[Snowflake Summit2025 参加記] Adaptive Compute 概要
はじめに
こんにちは!ナウキャストのデータエンジニアのけびんです。昨年に引き続き今年も Snowflake Summit 2025 に参加しております。Platform Keynote でも触れられていた、データウェアハウスとしての新機能である "Adaptive Compute" について紹介するセッションに参加してきました!本ブログではその内容を紹介しようと思います。
セッション概要
- title
- "What's New: Faster Insights with Snowflake Standard Warehouse - Gen2 and Adaptive Compute"
- summary
- Learn how to efficiently scale and manage data engineering pipelines with Snowflake's latest native capabilities for transformations and orchestration with SQL, Python, and dbt Projects on Snowflake. Join us for new product and feature overviews, best practices, and live demos.
Even Faster Warehouses
まずはじめに、より早いウェアハウスを模索してきた Snowflake の歴史と現状が紹介されました。
Performance Improvements
Snowflake は日々パフォーマンス向上のアップデートをしてくれており、SPIで計測されていることは有名かと思いますが、今回のセッションでも過去12ヶ月でリリースされたアップデートが紹介されていました。

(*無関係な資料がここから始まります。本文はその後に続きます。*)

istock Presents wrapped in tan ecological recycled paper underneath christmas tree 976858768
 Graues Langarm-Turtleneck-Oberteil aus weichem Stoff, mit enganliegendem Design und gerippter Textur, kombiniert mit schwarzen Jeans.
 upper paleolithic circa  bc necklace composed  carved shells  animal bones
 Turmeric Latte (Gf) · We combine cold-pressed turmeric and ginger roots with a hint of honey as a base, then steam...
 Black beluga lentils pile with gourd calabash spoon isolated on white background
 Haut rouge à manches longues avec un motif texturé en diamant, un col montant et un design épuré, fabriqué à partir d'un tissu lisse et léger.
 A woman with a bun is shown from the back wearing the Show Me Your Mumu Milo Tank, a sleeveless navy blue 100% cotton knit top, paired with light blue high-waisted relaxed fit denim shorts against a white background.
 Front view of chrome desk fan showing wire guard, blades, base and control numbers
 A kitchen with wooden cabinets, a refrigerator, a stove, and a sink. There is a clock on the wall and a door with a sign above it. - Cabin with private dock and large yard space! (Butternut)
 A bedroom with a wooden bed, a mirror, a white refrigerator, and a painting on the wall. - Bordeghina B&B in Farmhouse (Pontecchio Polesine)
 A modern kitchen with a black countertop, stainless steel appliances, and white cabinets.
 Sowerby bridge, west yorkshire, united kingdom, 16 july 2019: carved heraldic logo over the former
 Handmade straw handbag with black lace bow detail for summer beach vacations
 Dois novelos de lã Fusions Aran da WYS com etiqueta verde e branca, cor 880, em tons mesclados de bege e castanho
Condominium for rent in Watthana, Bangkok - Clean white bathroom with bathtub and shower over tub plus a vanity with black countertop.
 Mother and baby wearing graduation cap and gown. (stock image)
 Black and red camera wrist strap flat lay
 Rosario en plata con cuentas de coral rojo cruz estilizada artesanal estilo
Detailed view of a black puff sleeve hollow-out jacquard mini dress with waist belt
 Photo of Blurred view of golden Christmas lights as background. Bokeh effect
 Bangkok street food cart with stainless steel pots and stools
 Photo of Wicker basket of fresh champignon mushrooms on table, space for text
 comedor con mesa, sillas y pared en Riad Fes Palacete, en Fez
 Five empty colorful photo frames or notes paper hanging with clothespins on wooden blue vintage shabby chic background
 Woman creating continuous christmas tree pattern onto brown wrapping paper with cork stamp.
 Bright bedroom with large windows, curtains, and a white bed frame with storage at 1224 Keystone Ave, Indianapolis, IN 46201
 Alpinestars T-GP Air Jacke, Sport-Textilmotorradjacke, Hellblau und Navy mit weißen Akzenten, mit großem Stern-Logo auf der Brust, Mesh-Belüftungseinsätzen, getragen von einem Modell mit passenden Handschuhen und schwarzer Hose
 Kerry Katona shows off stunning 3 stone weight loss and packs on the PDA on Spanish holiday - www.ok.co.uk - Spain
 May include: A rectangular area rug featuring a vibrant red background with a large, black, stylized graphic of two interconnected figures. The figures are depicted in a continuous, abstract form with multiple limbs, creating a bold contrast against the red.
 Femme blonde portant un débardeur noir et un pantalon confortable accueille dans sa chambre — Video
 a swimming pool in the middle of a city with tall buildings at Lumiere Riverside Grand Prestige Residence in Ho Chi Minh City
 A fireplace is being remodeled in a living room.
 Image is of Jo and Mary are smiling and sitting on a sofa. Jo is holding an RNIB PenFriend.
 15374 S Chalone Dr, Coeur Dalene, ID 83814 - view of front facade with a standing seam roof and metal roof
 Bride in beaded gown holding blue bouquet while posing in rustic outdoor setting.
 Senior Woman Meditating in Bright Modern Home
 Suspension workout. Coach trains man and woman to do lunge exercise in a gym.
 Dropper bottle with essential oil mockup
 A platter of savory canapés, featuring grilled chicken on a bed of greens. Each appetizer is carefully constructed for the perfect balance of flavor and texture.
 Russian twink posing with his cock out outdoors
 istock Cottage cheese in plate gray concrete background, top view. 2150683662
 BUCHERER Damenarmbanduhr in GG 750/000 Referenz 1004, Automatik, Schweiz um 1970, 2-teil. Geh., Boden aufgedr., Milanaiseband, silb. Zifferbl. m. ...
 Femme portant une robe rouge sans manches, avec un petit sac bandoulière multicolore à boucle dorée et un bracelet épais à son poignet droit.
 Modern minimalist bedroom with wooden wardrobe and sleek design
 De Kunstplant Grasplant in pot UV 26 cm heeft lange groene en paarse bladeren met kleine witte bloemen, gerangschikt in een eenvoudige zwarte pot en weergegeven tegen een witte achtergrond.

また、 Snowflake の歴史の中でどのように Warehouse が進化したかも振り返られており、
- 2012 年に Standard Warehouse
- 2023 年に Snowpark Optimized Warehouse
- 2025 年に Gen2 Warehouse
と継続的な改善、そしてどれもダウンタイムなしにリリースされてきています。
Gen2 Warehouse
大きなパフォーマンス改善の事例として、第2世代標準ウェアハウス(以下 Gen2)が紹介されました。以下のスライドの通り、特に従来の Standard Warehouse と比較して Gen2 は
- スループットが 2.3 倍
- Delete/Merge/Update といった処理に関しては 4.4 倍高速
とパフォーマンスが大幅に改善されています。それ以外にも多くのケース(Icebergテーブルなど)でパフォーマンスの向上がなされています。また既存の warehouse からの切り替えも alter 文を実行するだけで可能であり、非常に容易です。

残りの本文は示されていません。